• _WHAT TO WORK ON_
Write out everything in the records exactly, apart from the pictures.

• _SOURCE RECORDS_
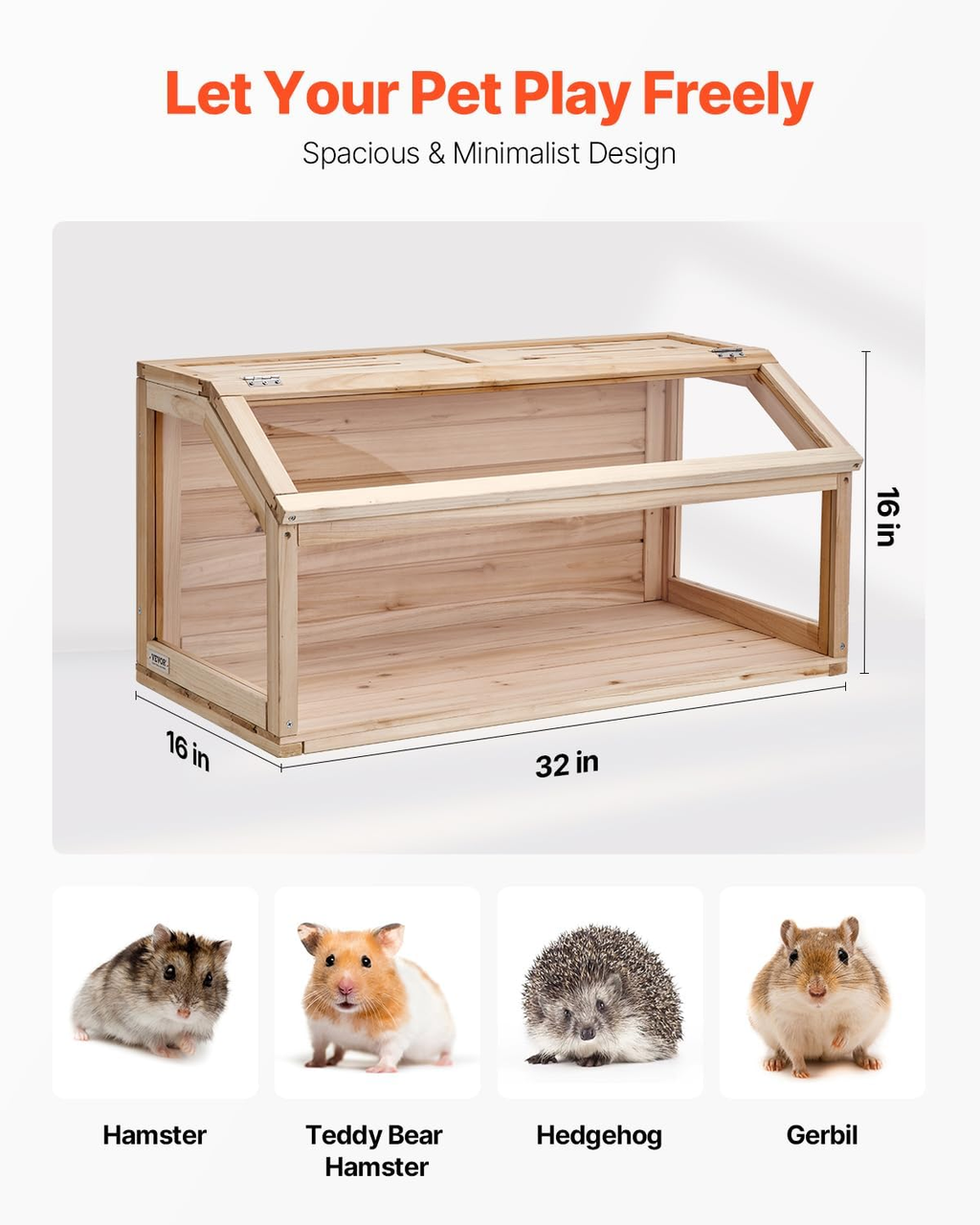 Wooden Hamster Cage, 270º Viewing Hamster Habitat, 32 x 16 x 16 in, Dwarf Hamster Cages with Openable Top, Ventilated Small Animal Cage, Pet Mouse, Gerbils, Rats, Guinea Pigs, Mice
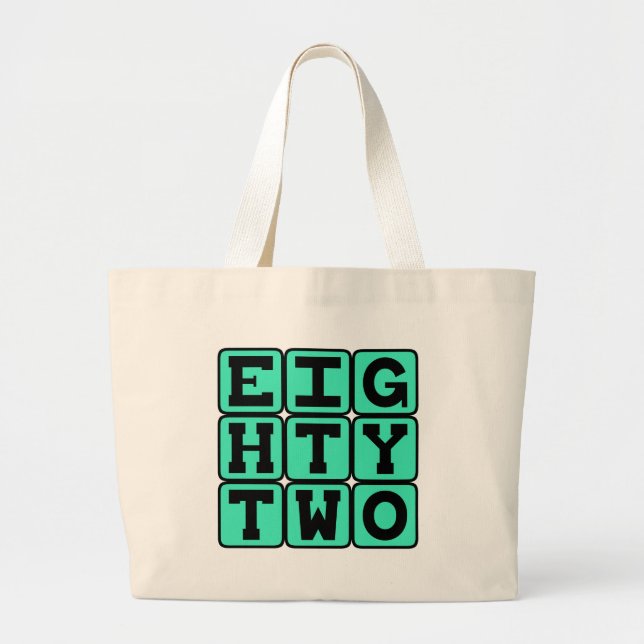 Eighty Two, Number 82 Large Tote Bag (Front)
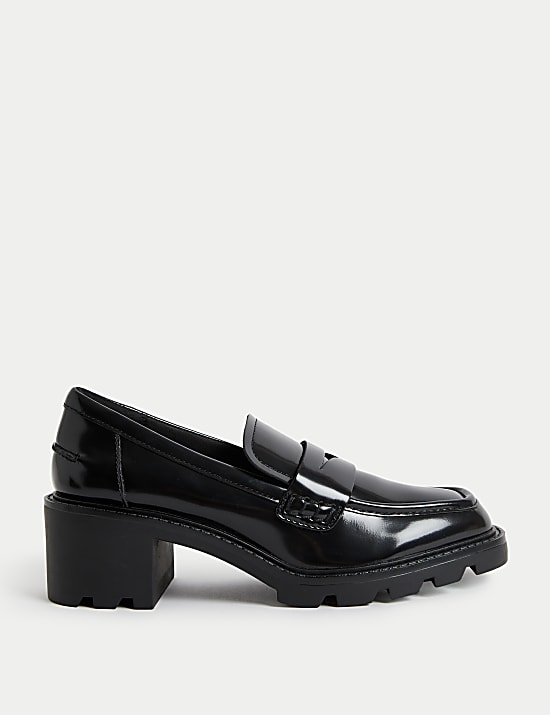 Leather Patent Slip On Block Heel Loafers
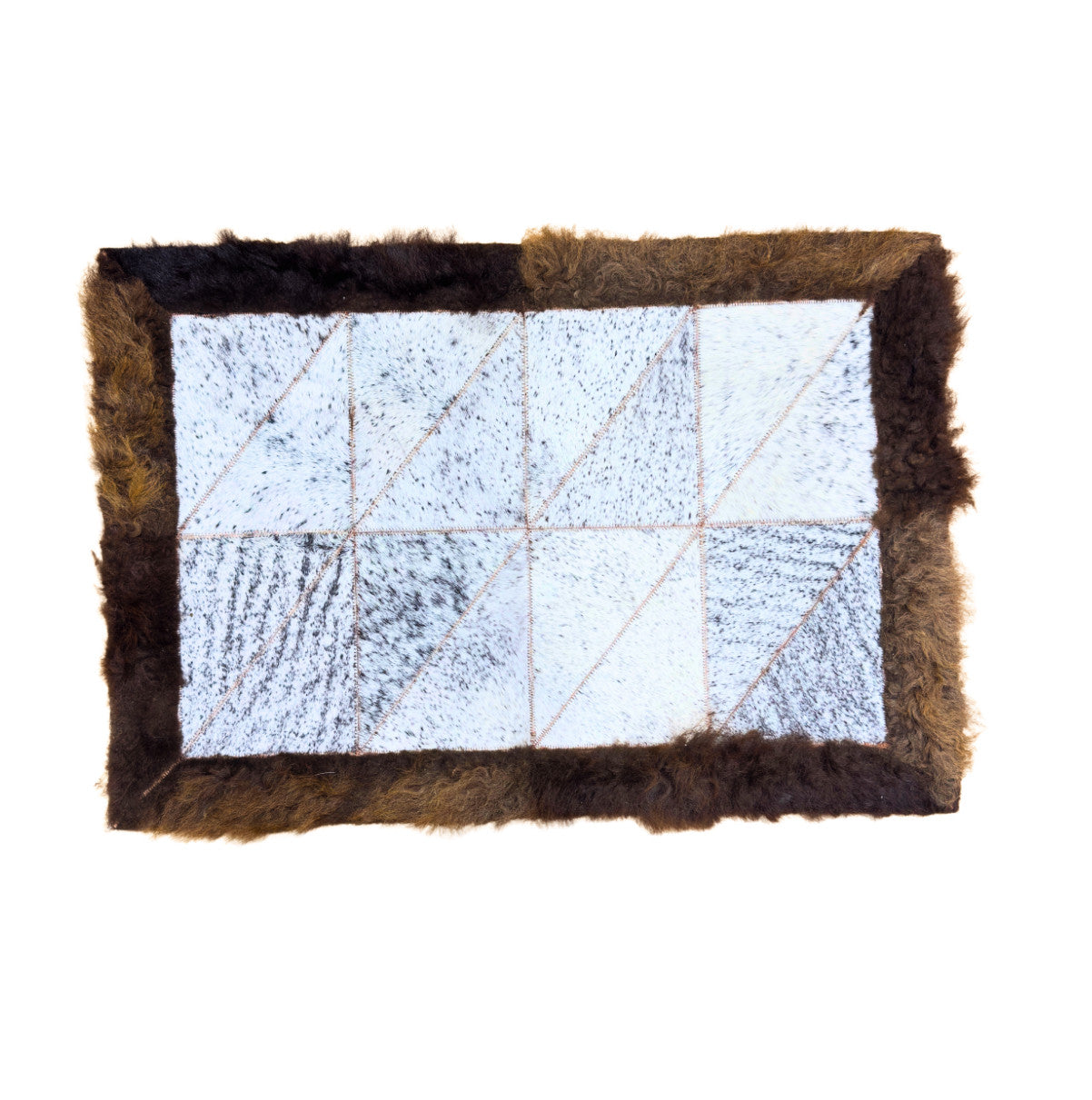 Cowhide / Bison Rug Patchwork Rectangular - Rustic Decor - Premium Quality 2x3 Feet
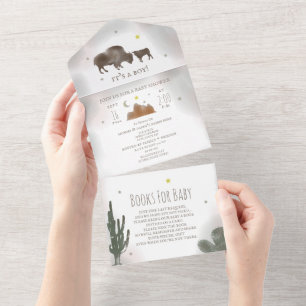 Buffalo Bison Cactus Book Request Baby Shower All In One Einladung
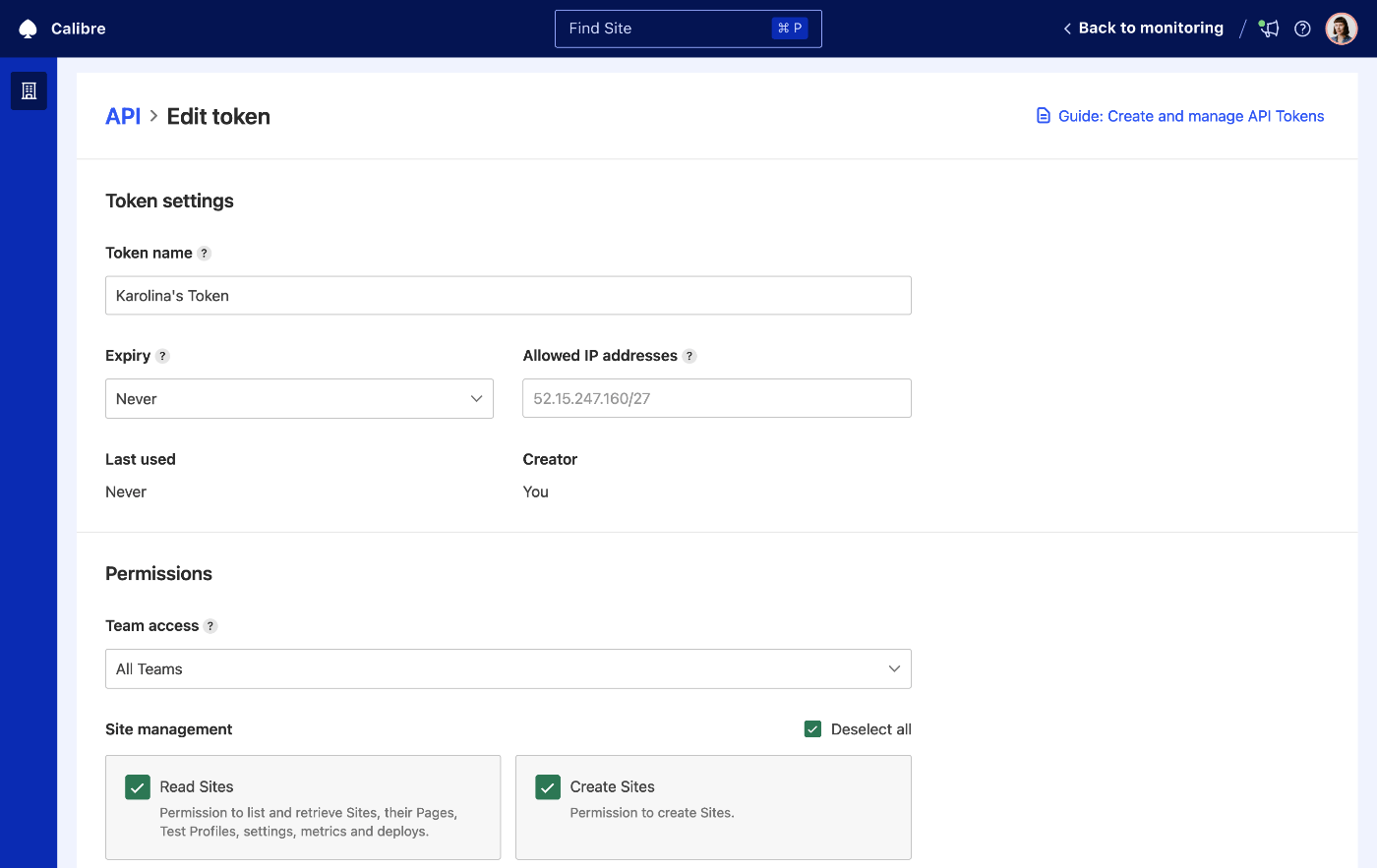 Editing an API Access Token with selected permissions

• _RESULT_
 Wooden Hamster Cage, 270º Viewing Hamster Habitat, 32 x 16 x 16 in, Dwarf Hamster Cages with Openable Top, Ventilated Small Animal Cage, Pet Mouse, Gerbils, Rats, Guinea Pigs, Mice
 Eighty Two, Number 82 Large Tote Bag (Front)
 Leather Patent Slip On Block Heel Loafers
 Cowhide / Bison Rug Patchwork Rectangular - Rustic Decor - Premium Quality 2x3 Feet
 Buffalo Bison Cactus Book Request Baby Shower All In One Einladung
 Editing an API Access Token with selected permissions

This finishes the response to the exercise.